## Source records
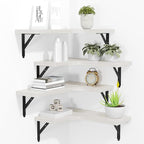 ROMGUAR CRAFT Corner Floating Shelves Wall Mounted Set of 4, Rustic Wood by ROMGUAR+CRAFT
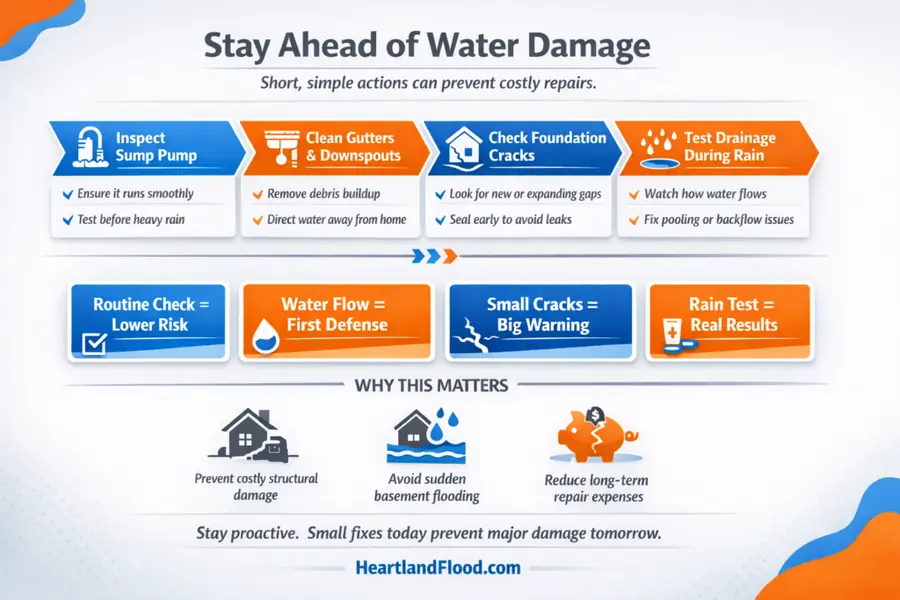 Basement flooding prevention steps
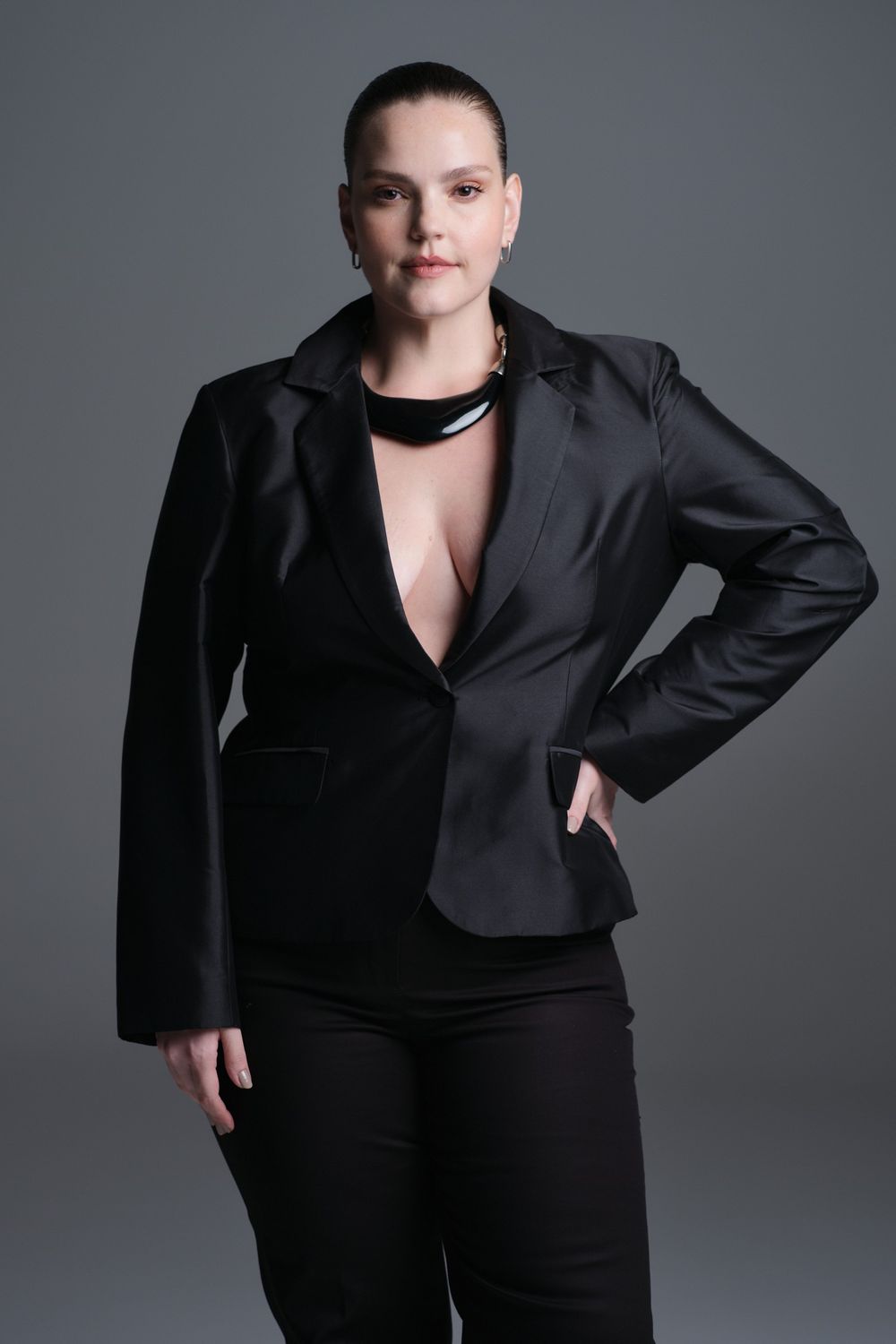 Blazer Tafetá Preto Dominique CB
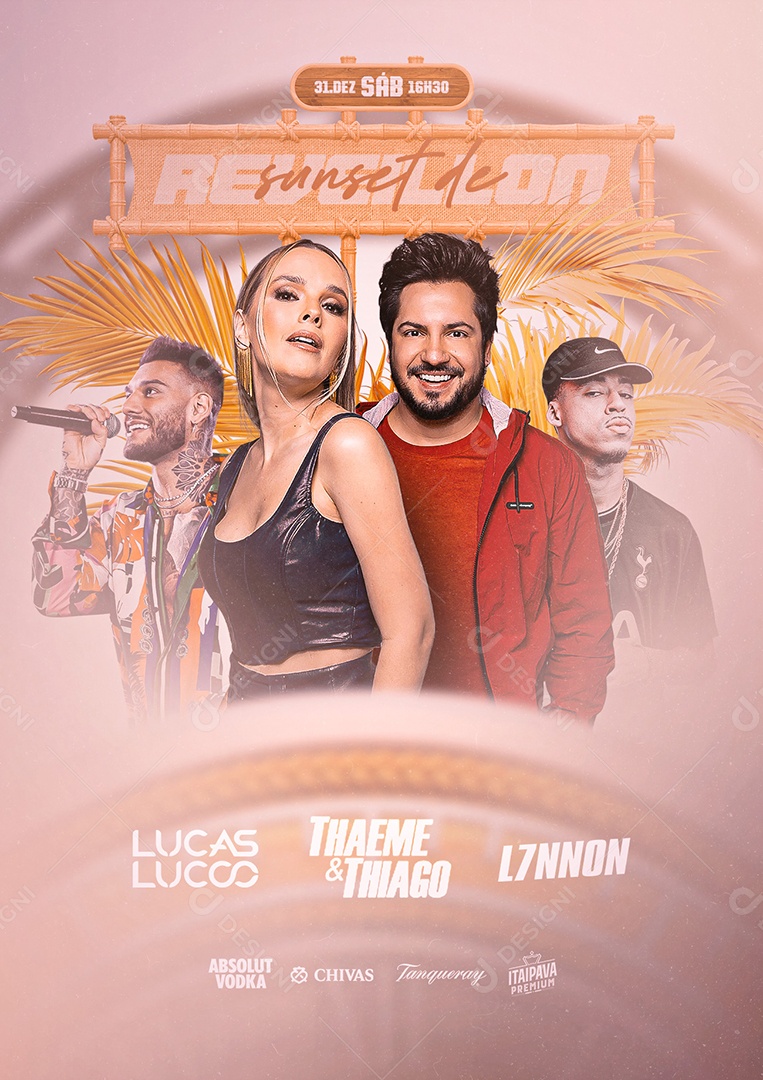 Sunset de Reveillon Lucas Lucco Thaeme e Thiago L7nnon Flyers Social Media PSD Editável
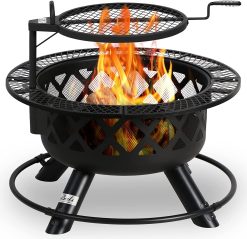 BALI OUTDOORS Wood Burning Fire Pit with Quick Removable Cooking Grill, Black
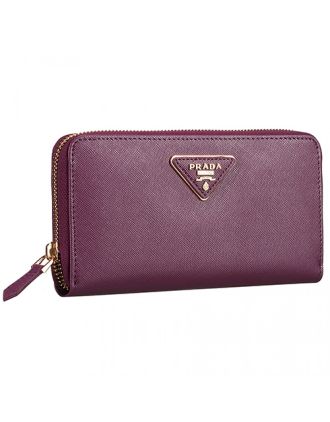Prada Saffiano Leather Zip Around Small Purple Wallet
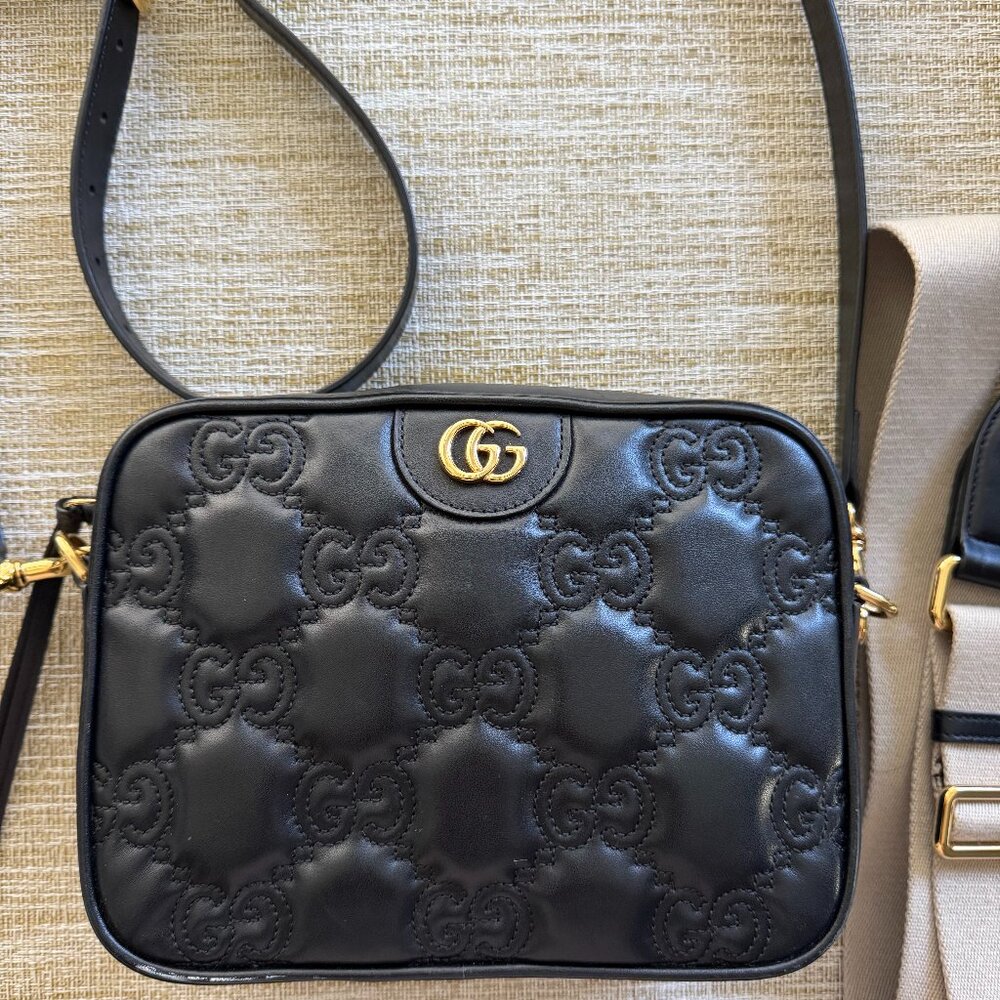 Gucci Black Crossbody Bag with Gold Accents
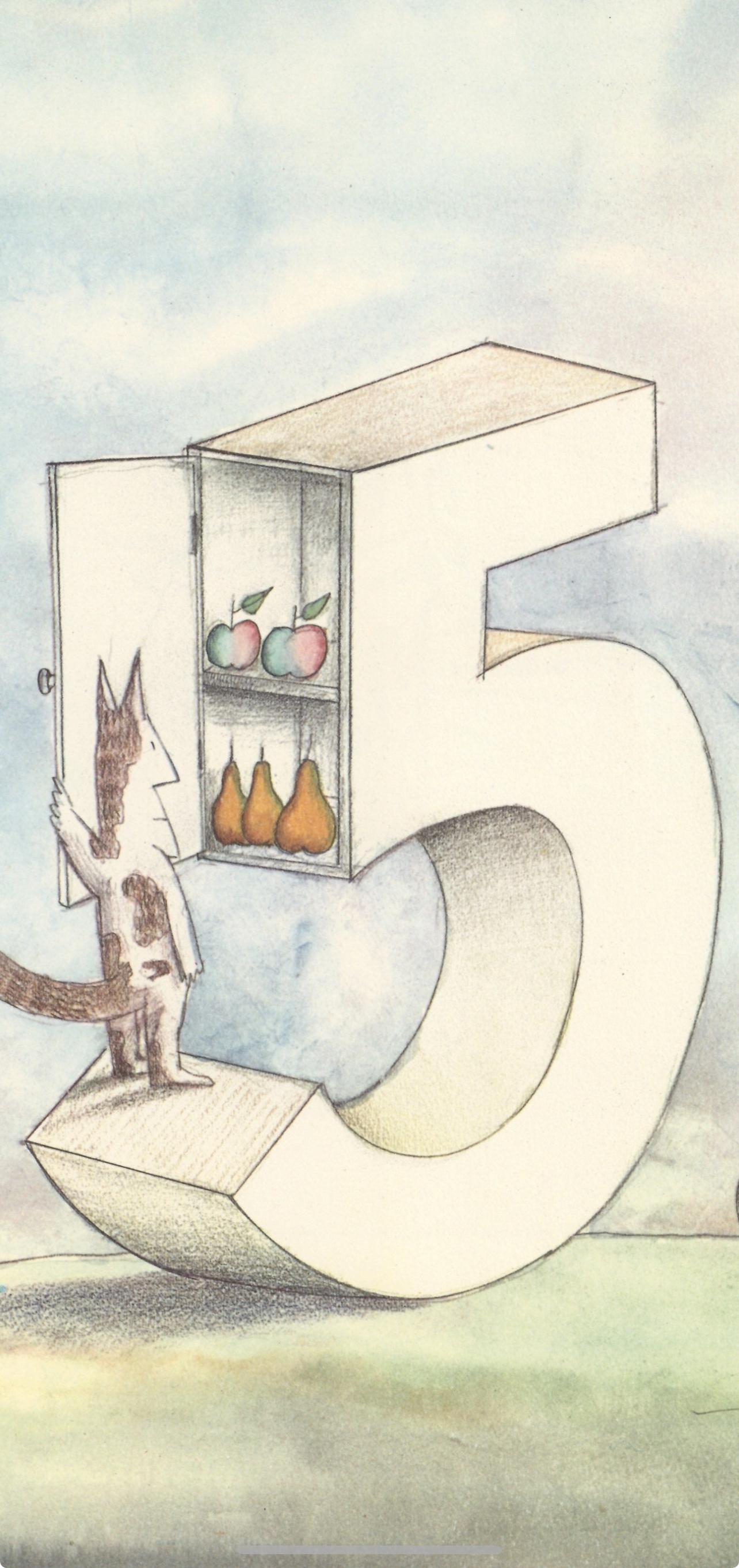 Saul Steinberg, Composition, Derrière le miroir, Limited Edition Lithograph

## Work instructions
Leave out the pictures, then reproduce exactly the run of lines from the one that contains "Gucci Black Crossbody Bag with Gold Accents" to the final line of the listing above.

## Result for this task
 Gucci Black Crossbody Bag with Gold Accents
 Saul Steinberg, Composition, Derrière le miroir, Limited Edition Lithograph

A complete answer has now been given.